Le célèbre portrait imaginaire de Sade par Man Ray

LA PROVENDE MÉDIÉVALE DU WEEK-END, prévisible et hebdomadaire comme le retour du marché, fraîche comme l’étal aux poissons ! Le divin marquis portait bien son nom : « sade », jusqu’à la fin du XVème siècle, est un adjectif, dérivé du latin sapidus, qui signifie », à la fois « qui a de la saveur », mais aussi « gracieux, doux, gentil, charmant, agréable »… Qui oserait dénier aucune de ces qualités au gentil marquis ? N’écoutez point les mau-ssades (eh oui ! même origine, mais inversée par la névrose !) puritains, n’oubliez pas qu’il fut condamné par la Terreur pour modération, qu’il s’opposait aux peines capitales — et pourquoi, maussades puritains, si ce n’est par haine de la vie, lui confisquiez-vous à Charenton les chandelles qu’il remodelait en godemichés, derniers et innocents réconforts d’un vieil homme ?

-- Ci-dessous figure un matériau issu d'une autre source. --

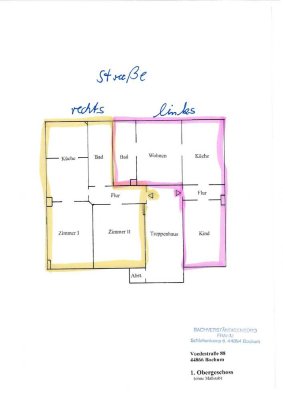 Freundliche und sanierte 3-Zimmer-Wohnung in Bochum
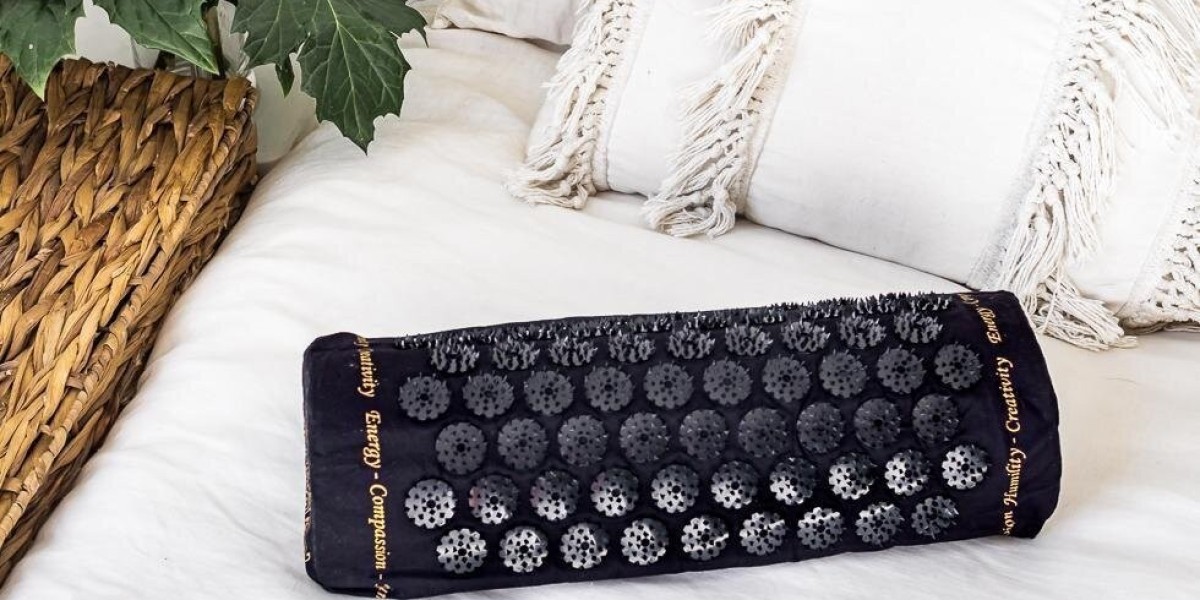 Acupressure Pillow: A Simple Solution for Neck and Upper Back Pain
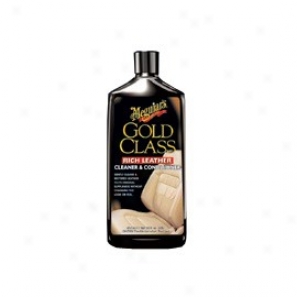 Mopar Gold Class Rich Leather Cleaner & Conditioner 14 Oz.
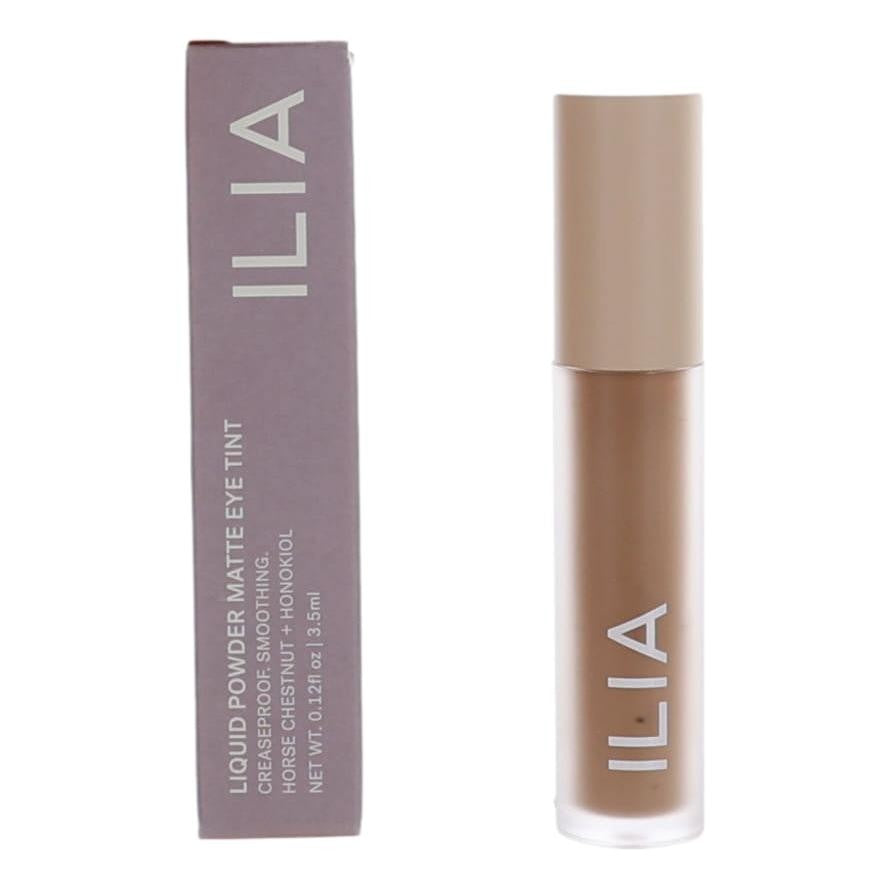 ILIA Liquid Powder Matte Eye Tint by ILIA, 0.12 oz Eye Tint - Ochre - Ochre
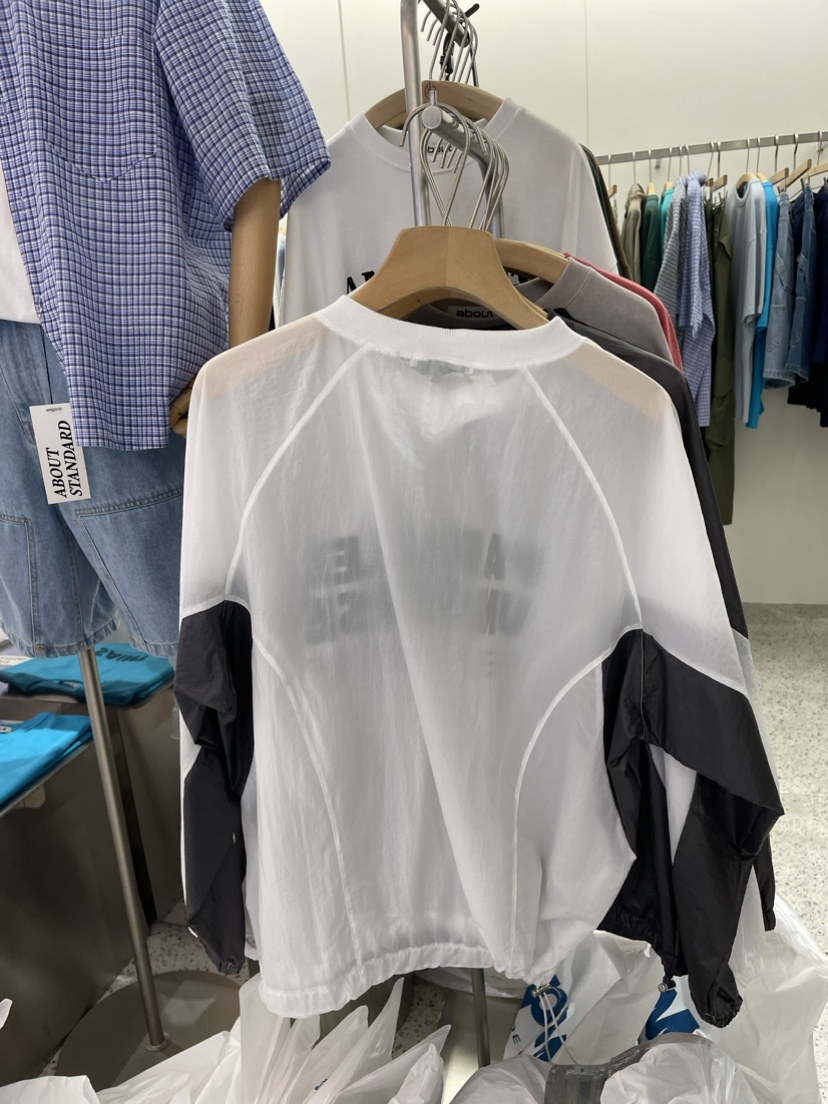 ABOUT-男裝韓國直郵東大門實拍女裝新品人氣真品熱賣時尚T恤ABOUTT恤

Quant au verbe dérivé « sadaier », il signifiait « caresser », « flatter », tous gestes que DAF nous prodigue encore par le truchement de ses livres voluptueux… Le « sadaiement », c’est l’ensemble des caresses et des baisers…

Donatien Alphonse François eut-il connaissance du sens de son nom dans la vieille langue ? On peut en douter, car sinon son esprit génial et obsessionnel se serait emparé de ces étymologies pour élucubrer les variations les plus provocantes et les plus drôles. Mais toi, sympathique et hypocrite lecteur, toi qui par la supériorité de ta modernité, jouit d’une superbe vue plongeante sur le décolleté de la langue française, mon semblable mon frère, porté aux plaisirs des mots ET des choses : je te souhaite les meilleurs sadaiements dominicaux !

(Aux lecteurs intéressés, j’en profite pour recommander très très vivement la biographie passionnante et formidable du regretté Maurice Lever : Vie de Sade)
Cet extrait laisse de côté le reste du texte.